Sunatullah! Orang Alim Bisa Jadi Sangat Bodoh dalam Hal Tertentu
Manusia tidak ada yang ma’shum kecuali para Nabi. Untuk menegaskan sunnatullah ini, seringkali Allah menunjukkan sisi kebodohan yang akut dari orang yang secara umum alim. Ini bukan berarti yang bersangkutan bodoh secara mutlak, tapi hanya manusia biasa yang bisa salah dalam beberapa hal yang bukan bidangnya, bahkan kadang kesalahannya fatal.
Sekedar contoh saja, misalnya Imam Ibnu Qudamah al-Maqdisi al-Hanbali. Beliau adalah seorang imam yang alim allamah dalam mazhab Hanbali yang sering disamakan dengan kedudukan Imam Nawawi dalam mazhab Syafi'i. Dengan kedudukam dan otorotasnya yang mentereng, beliau ternyata berkata tentang ajaran Asy'ariyah sebagai berikut:
وهذا حال هؤلاء القوم لا محالة فهم زنادقة بغير شك فإنه لا شك في أنهم يظهرون تعظيم المصاحف إيهاما أن فيها القرآن ويعتقدون في الباطن أنه ليس فيها إلا الورق والمداد
"Itulah kondisi kaum tersebut yang pasti merupakan kaum zindiq tanpa diragukan.
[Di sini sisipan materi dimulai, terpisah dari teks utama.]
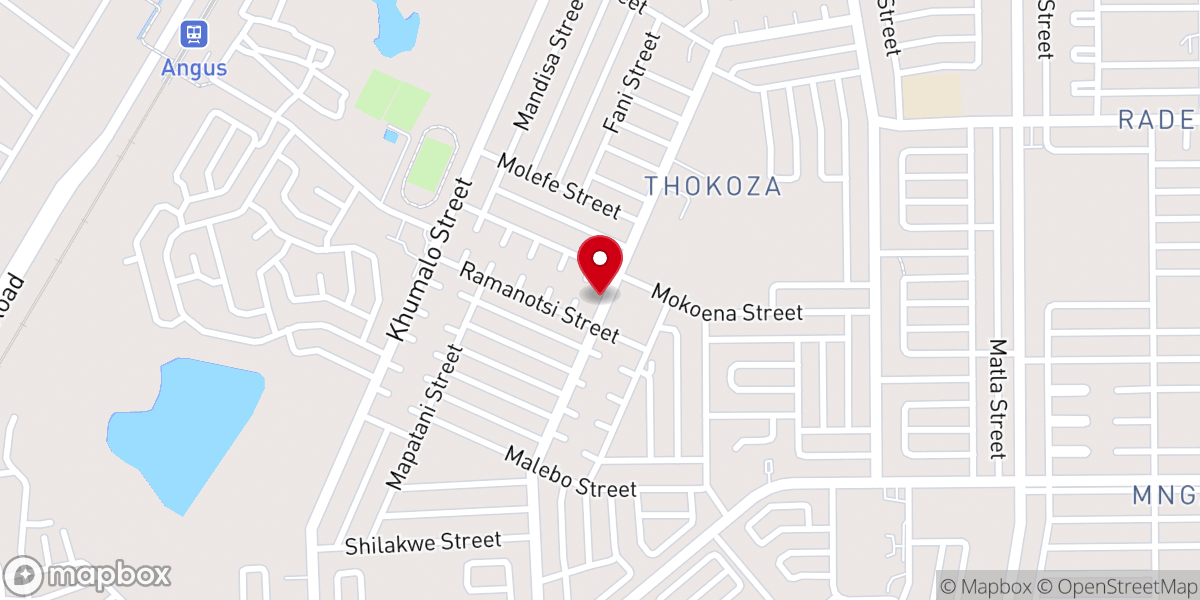 Map showing location of The New Apostolic Assemblies Church Of God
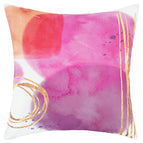 4pcs 18x18in / Red, pink, and purple with gold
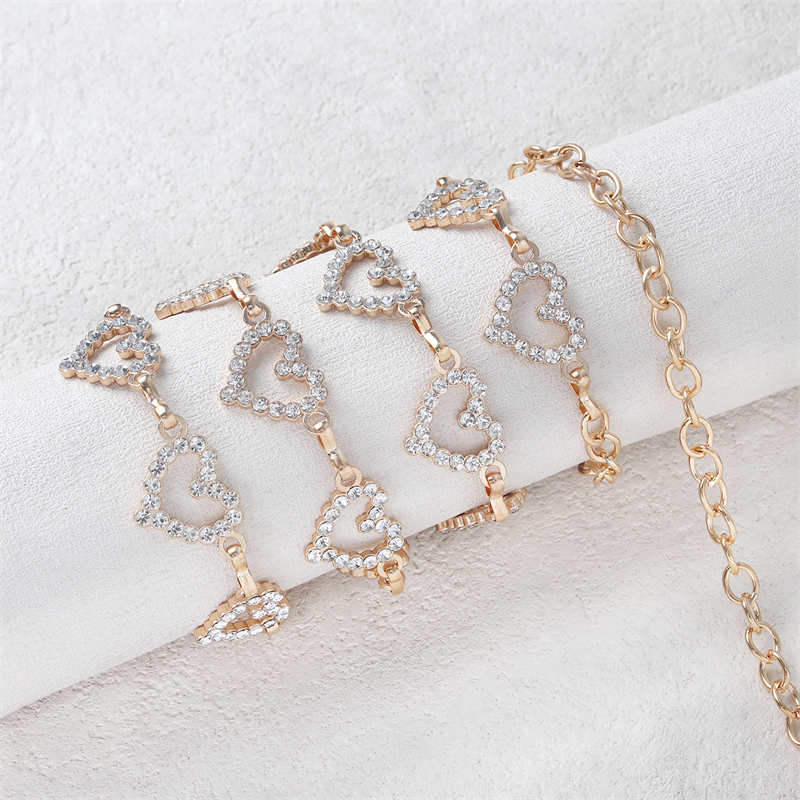 Fashion Rhinestone Heart Waist - Body Jewelry Beach のレビューと価格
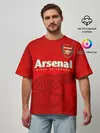 Мужская футболка оверсайз / Arsenal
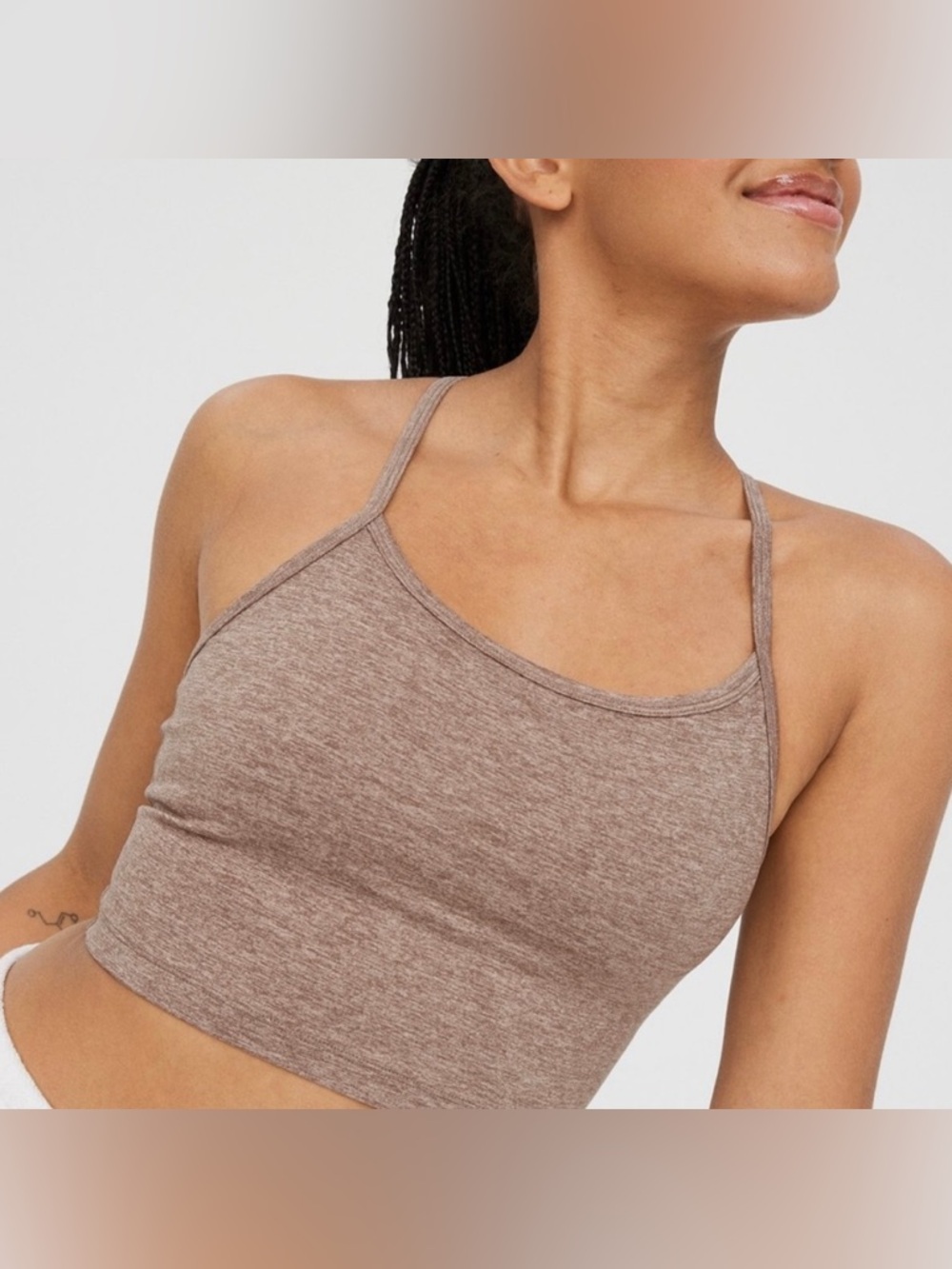 Aerie The Hugger Longline Racerback Sports Bra - BRAND NEW! (Size: L) - Picture 3 of 12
Sesungguhnya tidak ada ketaguan bahwa mereka menampakkan pengagungan terhadap mushaf seolah-olah mengesankan bahwa di dalamnya ada Al-Qur'an dan meyakini dalam hatinya bahwa di dalamnya tidak ada apa-apa kecuali kertas dan tinta (bukan Al-Qur'an)".
Sebenarnya masih panjang pernyataan aneh bin ajaib dari beliau tentang ajaran Asy'ariyah yang akhirnya sampai pada kesimpulan bahwa hakikat Asy'ariyah adalah tidak meyakini bahwa Nabi Muhammad adalah Rasulullah!. Ya, segawat dan seabsurd itu tuduhannya.
Itu semua tidak lebih dari sekedar Strawman Fallacy alias membayangkan sendiri yang buruk-buruk tentang lawan lalu menyerang bayangan buruk yang dibuatnya sendiri, seperti orang yang membayangkan musuhnya sebagai orang-orangan sawah lalu menyerang orang-orangan sawah itu. Kritiknya tidak nyambung sama sekali sebab tidak ada satupun Asy'ariyah yang menyakini bahwa mushaf bukan Al-Qur'an.
Bukan Karangan Makhluk
Sejak Imam Asy'ari, Imam Ibnu Furak, Imam Baihaqi, Imam Haramain, Imam Ghazali, Imam Nawawi, Imam Razi, Imam Ibnu Hajar, Imam Sanusi, hingga kiamat, semua Asy'arian sepakat bahwa mushaf adalah Al-Qur'an dan kalamullah, bukan karangan makhluk, dalam redaksinya mengandung mukjizat, menyentuhnya wajib berwudhu dan membacanya dapat pahala.
Strawman Fallacy ini bermula dari ajaran Asy'ariyah yang secara akurat membedakan mana unsur yang qadim dan tidak qadim dari Al-Qur'an. Asy'ariyah yang notabene arus utama Ahlussunnah wal jamaah mengatakan bahwa mushaf yang terdiri dari kertas dan tinta jelas tidak qadim sebab faktanya ia adalah buatan pabrik.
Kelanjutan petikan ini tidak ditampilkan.